Microsoft Fabric: Another Hype or the next golden standard of Data analytics & Machine Learning

Published in

Sogeti Data | Netherlands

9 min readDec 5, 2023

Microsoft has been one of the industry leaders in the field of integrated data-solutions with Azure Synapse Analytics, Azure Machine Learning Studio, Data Factory and fully managed Databricks integration. Now they are offering a new service named Microsoft Fabric. Microsoft Fabric is a Software as a Service offering that comes with a long-term vision where they strive to simplify the whole lifecycle management of any data-centric software development project. It uses a Lake centric approach which stores all data at one place. This aims to solve the data integration problem that coexist with the variety of available tools available these days! They envision bringing infrastructural simplicity, and therefore, finding the most value out of all the available data.

In our blog series last year, we talked about divergent phases involved in the lifecycle management of MLOps projects. Microsoft Fabric aims to simplify the most crucial phases involved, like Continuous Integration & development (CI-CD), Monitoring, and Real-time analytics with PowerBI.

In this blog we will be exploring how well Fabric features and personas support Data Science and AI/ML use-cases? We will provide you with a sneak-peak into some of the new features that Microsoft Fabric offers.
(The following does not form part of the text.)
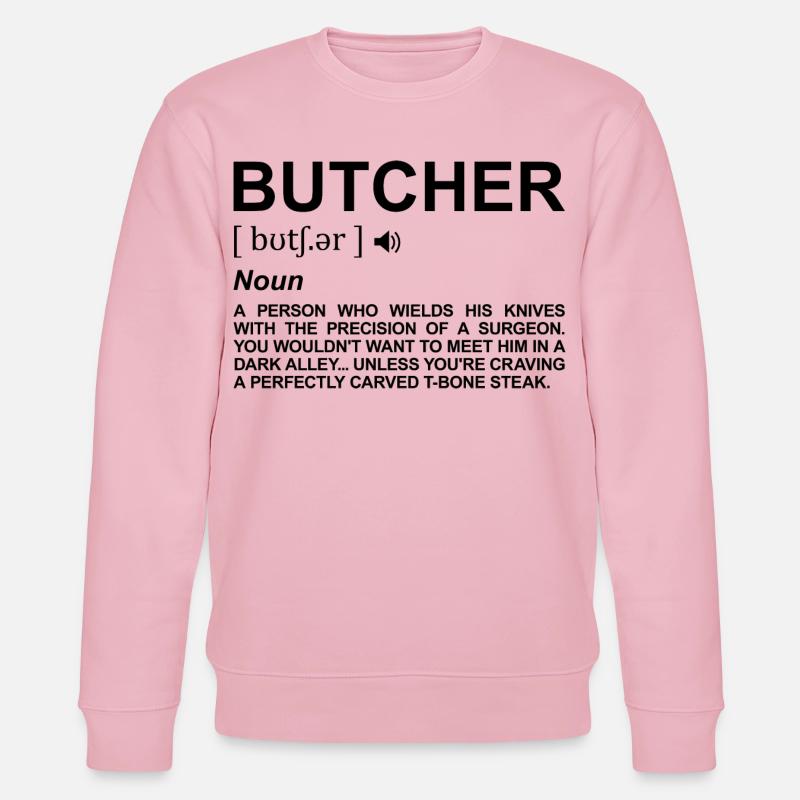 Metzger Bedeutung - Stanley/Stella Unisex Bio-Sweatshirt CHANGER  - Hellrosa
To assess the different features and personas of Microsoft Fabric we chose a nice and exciting use case in which we could test the capabilities of Fabric end-to-end, thus from data ingestion up-to performing Machine Learning prediction. In the process, the data would be accessed, processed and analyzed by different data experts such as data engineers and data scientists. The end goal of the project will be to train a model that can predict the price per night of an Airbnb listing based on its’ characteristics.

Dataset

Via Opendatasoft we found a comprehensive and large Airbnb dataset. It is a dataset that holds a lot of data about Airbnb-listings all over the world. The dataset has around 500k records and more than 70 columns. The dataset has the real-world challenges that lack in other demo datasets such as the iris, and cars datasets. In this Airbnb dataset you will find missing values, variables that hold natural language descriptions, and other challenges that we will tackle during the Exploratory Data Analysis — and data preparation part. Find more information on the dataset via the Opendatasoft page here.

Data ingestion

The first step of the data supply chain is the data ingestion. For this purpose, Microsoft Fabric offers embedded Data Factory. It looks and feels familiar for data engineers who have experience with Azure and Azure Data Factory Orchestration. Because Fabric is a SaaS solution, we do not have to worry about configurating resources and setting up integration runtimes. It is pretty much plug and play and feels almost like an arcade like experience.

Opendatasoft provides an open API endpoint to get access to their data sources, no authorization needed. We will be using the building blocks of Data Factory to create the connection to the REST API and copy data from source into sink. Guided by a Wizard menu we were able to easily create the REST API connection to Opendatasoft.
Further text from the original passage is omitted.